▸ **Exercise**
An exact copy of the lines of the listing below between the "Crescent Sling, Woven Leather Noir" line and the "Illustration comparing SSD" line, both included, is the whole answer; please omit the pictures.

▸ **Records shown**
=== Begin Enclosure ===
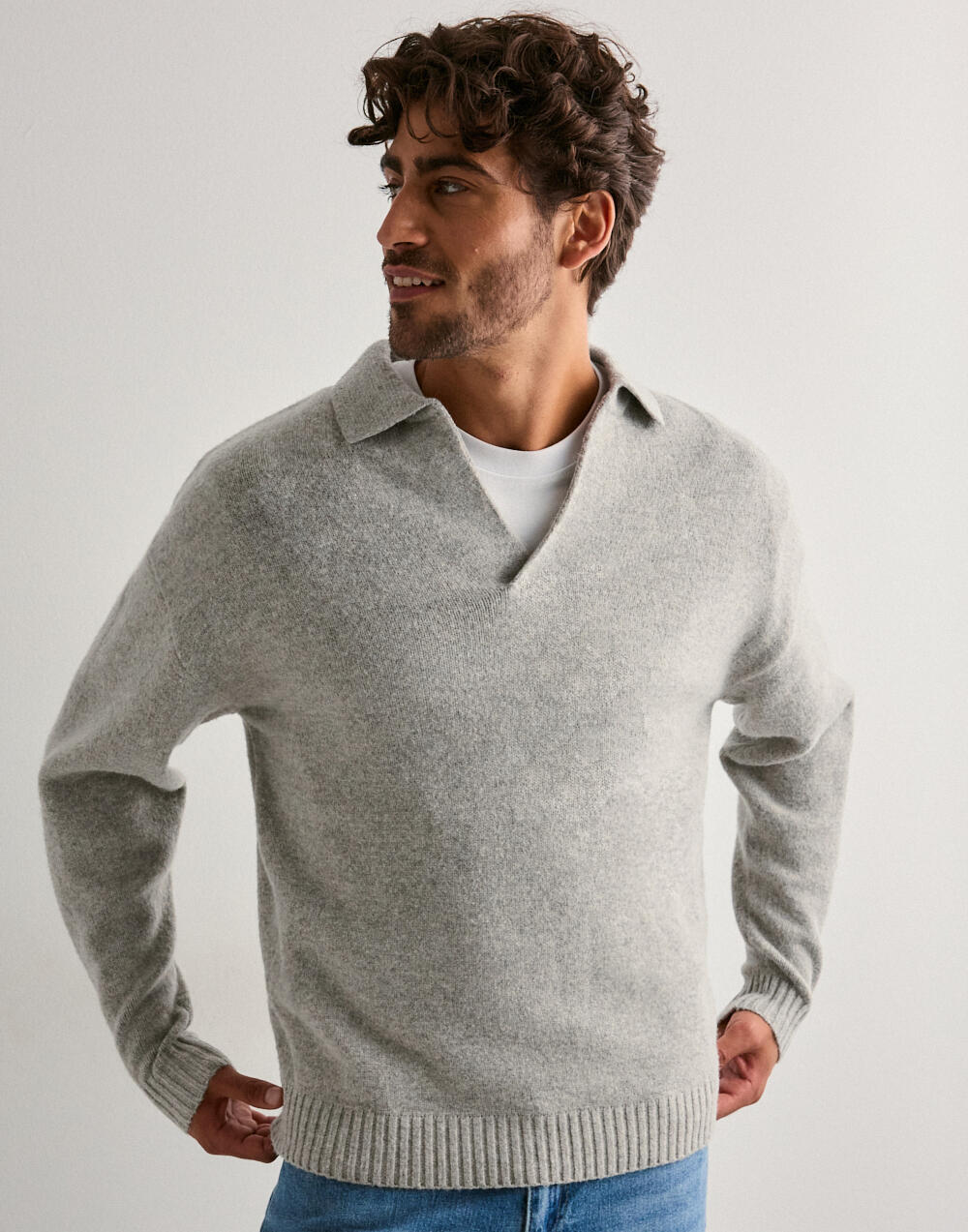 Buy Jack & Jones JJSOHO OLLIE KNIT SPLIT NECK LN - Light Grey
=== End Enclosure ===
=== Begin Enclosure ===
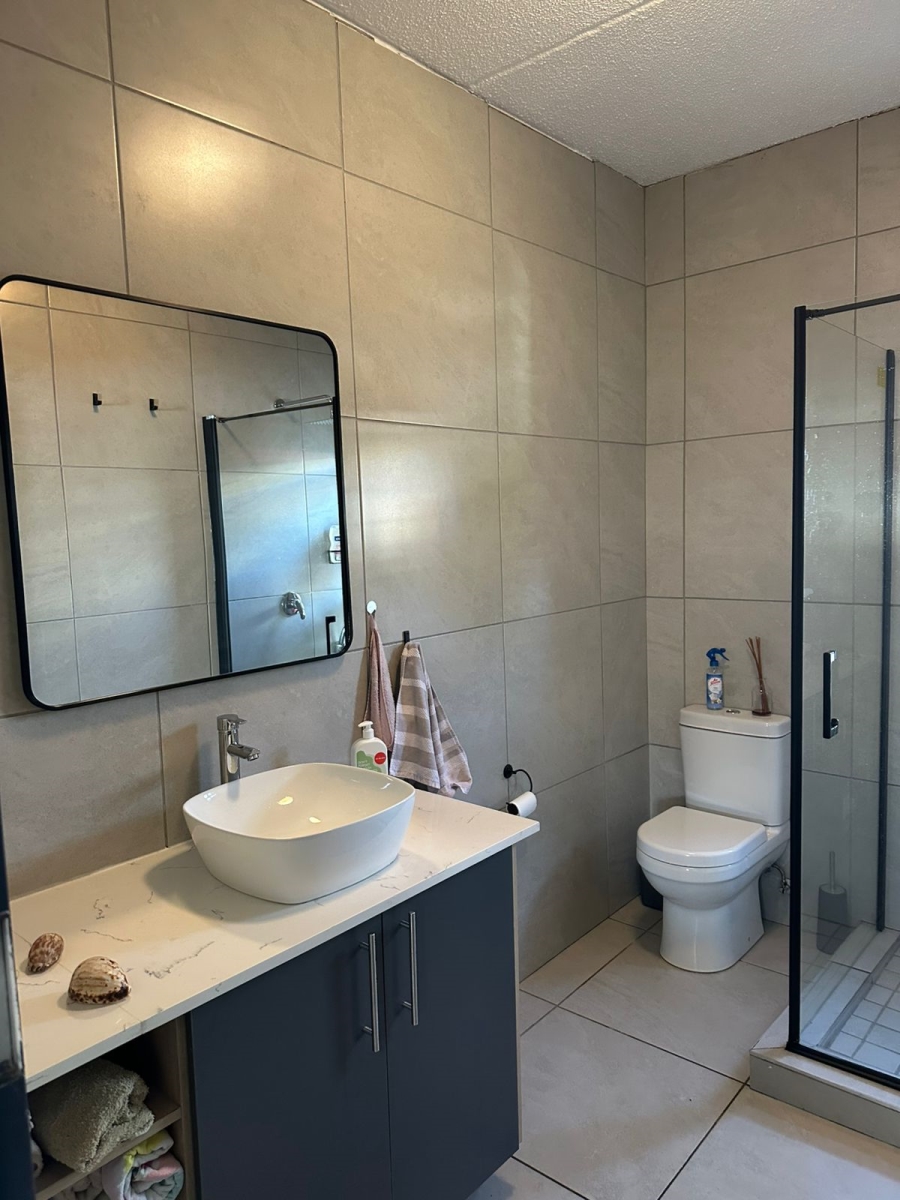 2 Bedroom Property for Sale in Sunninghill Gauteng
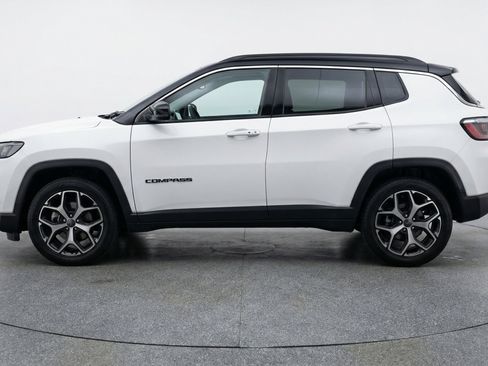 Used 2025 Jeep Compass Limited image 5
=== End Enclosure ===
=== Begin Enclosure ===
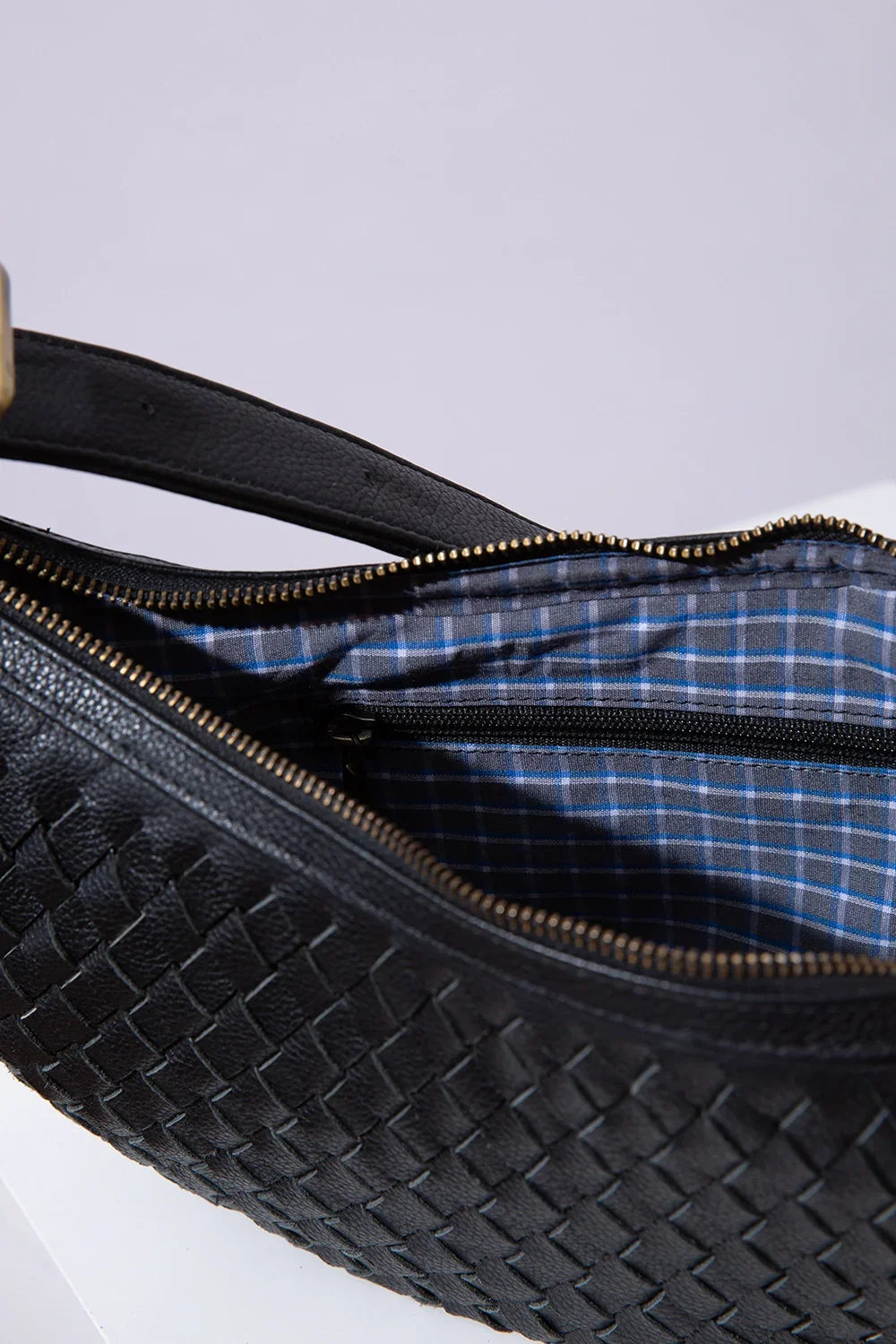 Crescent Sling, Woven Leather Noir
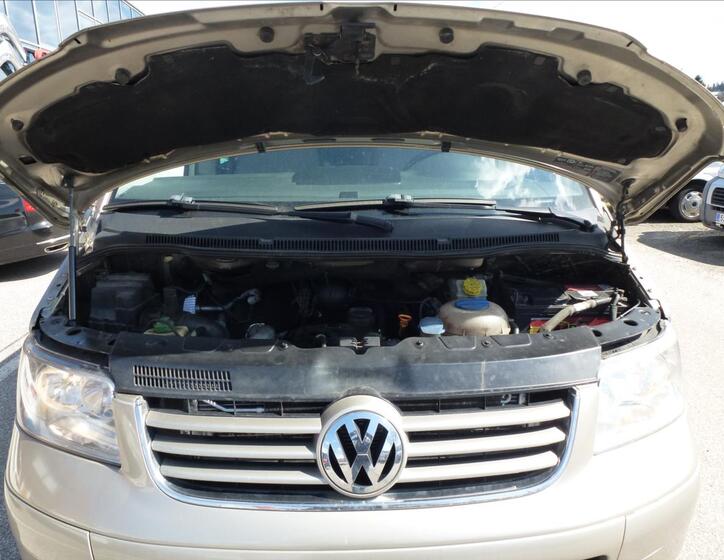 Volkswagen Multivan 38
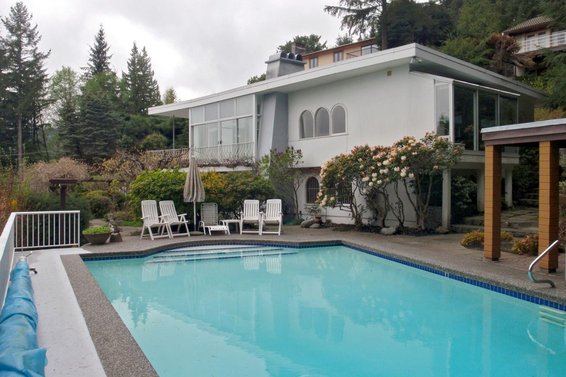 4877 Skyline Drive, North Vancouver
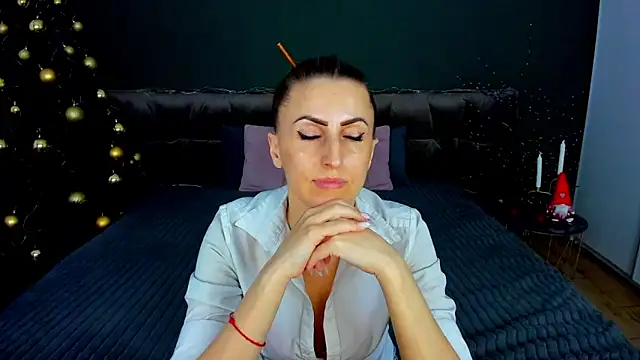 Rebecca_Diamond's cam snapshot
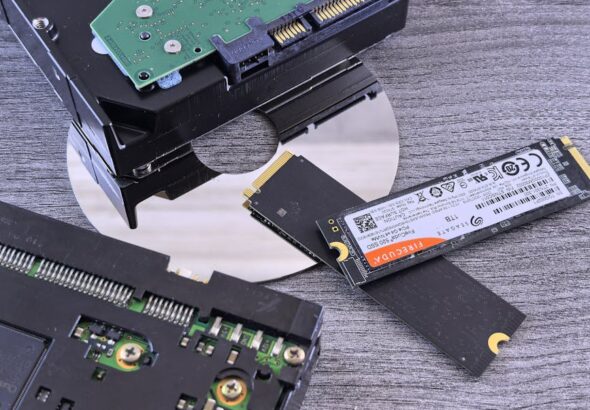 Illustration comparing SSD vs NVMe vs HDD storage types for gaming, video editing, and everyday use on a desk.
=== End Enclosure ===
▸ **Task response**
 Crescent Sling, Woven Leather Noir
 Volkswagen Multivan 38
 4877 Skyline Drive, North Vancouver
 Rebecca_Diamond's cam snapshot
 Illustration comparing SSD vs NVMe vs HDD storage types for gaming, video editing, and everyday use on a desk.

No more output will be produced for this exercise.